FUNDAMENTOS DE LA PROPUESTA
En la imposibilidad de obtener una percepción acabada del cargado espacio exhibitivo asignado al envío chileno, decidí proyectar una obra que, inscrita bajo la denominación de “objeto–instalación”, mantuviera cierta autonomía con respecto a las marcadas especificidades arquitectónicas y decorativas del recinto, pero que al mismo tiempo contemplara, por un lado, el elemento de mayor pregnancia de la sala, es decir, la enorme lámpara de lágrimas de cristal de Murano, y por otro, la crítica historia de permanentes crisis curatoriales que viene presentando la Bienal de Venecia, en los últimos veinte o treinta años.
Diré un poco a la rápida y un poco irresponsablemente que ésta será “mi obra del siglo dieciocho”, pues la proyectada objetualización de la palabra A R T E —transparencia del vidrio (acrílico) de las letras y del agua en su interior con peces rojos nadando en ellas— con el adicional sistema de tratamiento del agua, funcionará, en ese recinto palaciego veneciano, como un contra–reflejo de la lámpara de lágrimas de cristal de Murano bajo cuyos brillos será emplazada, constituyéndose en un objeto que interroga acerca de las motivaciones de los eventos internacionales de arte y del modo marcadamente mercantil de circulación e instalación de las obras. No sé si esa invención —la lámpara de lágrimas— es anterior o posterior al siglo XVIII, pero ese objeto fantasioso y coherente con la certeza de cierta autonomía de carácter moderno de ese siglo, obedece ejemplarmente a la sofisticación, a la complejidad y a una melancolía lujosa, descreída y escéptica del siglo XVIII, en el que se inicia el pensamiento crítico y el pensamiento sobre el arte y sus procesos, siglo que por lo demás, es llamado “de las luces” o de la “ilustración”. Como síntesis del espíritu de este siglo, con aires liberación, de independencia y revolución, Hegel declara, muy tempranamente al inicio del XIX, la muerte del arte. Los artistas, de aquí en adelante, deberemos preguntarnos sobre su sentido y sobre “qué hacer”. Es una pregunta moderna y una angustia propiamente dieciochesca, pregunta que, creo, queda establecida paradójicamente en esta obra, a pesar de los brillos y del movimiento vitalizador de los peces rojos que nadarán ondulantes en las aguas tipográficas.

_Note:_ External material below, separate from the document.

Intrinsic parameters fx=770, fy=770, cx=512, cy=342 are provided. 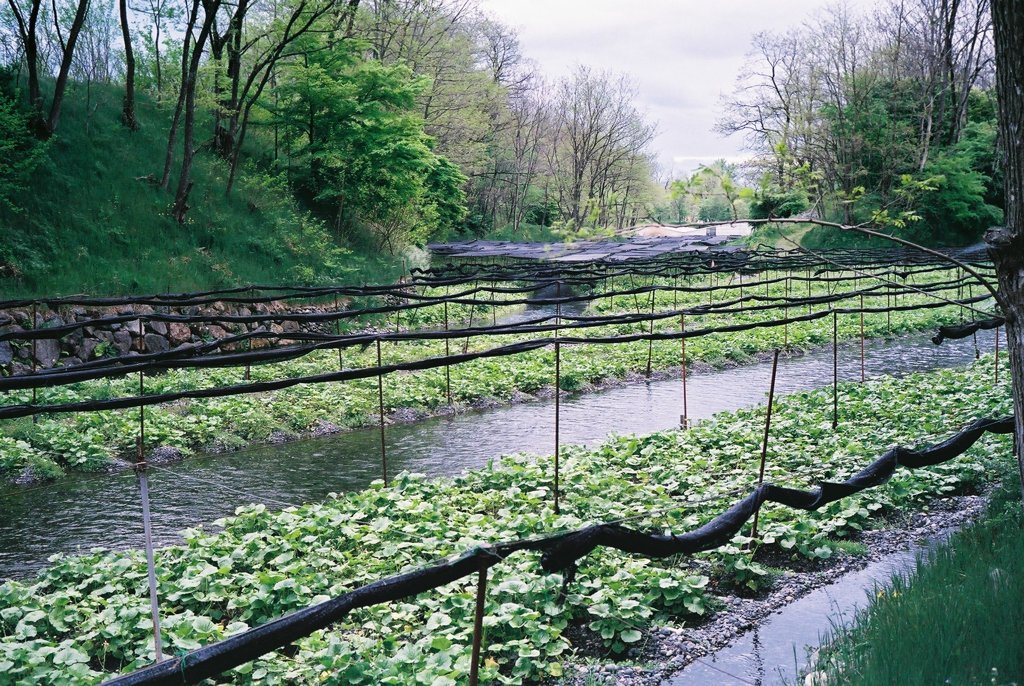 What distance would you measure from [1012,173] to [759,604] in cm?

El título de la obra, Muerte en Venecia, surge al momento de decidir el empleo de un segmento inicial invertido de la serie numérica de Fibonacci —2, 3, 5, 8 // 8, 5, 3, 2—, para determinar el número de peces rojos para cada una de las letras. Invertido, en el sentido de la contradicción de la lectura de las letras que conforman la palabra A R T E y la lectura regresiva de esa serie progresiva. Como se sabe, esta famosa serie matemática que se genera a partir de 1, se construye por la simple suma de los dos números que preceden a la última cifra: 1, 1, 2, 3, 5, 8, 13, 21, 34, 55, 89, 144, etcétera. Una de las propiedades de esta simple y compleja progresión es la “ratio” entre cualquiera de dos números contiguos que conforman la serie, razón que se aproxima siempre al número de oro “1,618”. En el caso del segmento elegido, 8 es a 5, 5 es a 3, 3 es a 2. Este prestigioso número pitagórico no sólo rige los secretos geométricos del pentágono regular, de la estrella de cinco puntas que ese polígono estructura y de la virtuosa proporción del rectángulo áureo, sino que está secretamente presente, activando todos los procesos vitales y de crecimiento —vegetales y biológicos.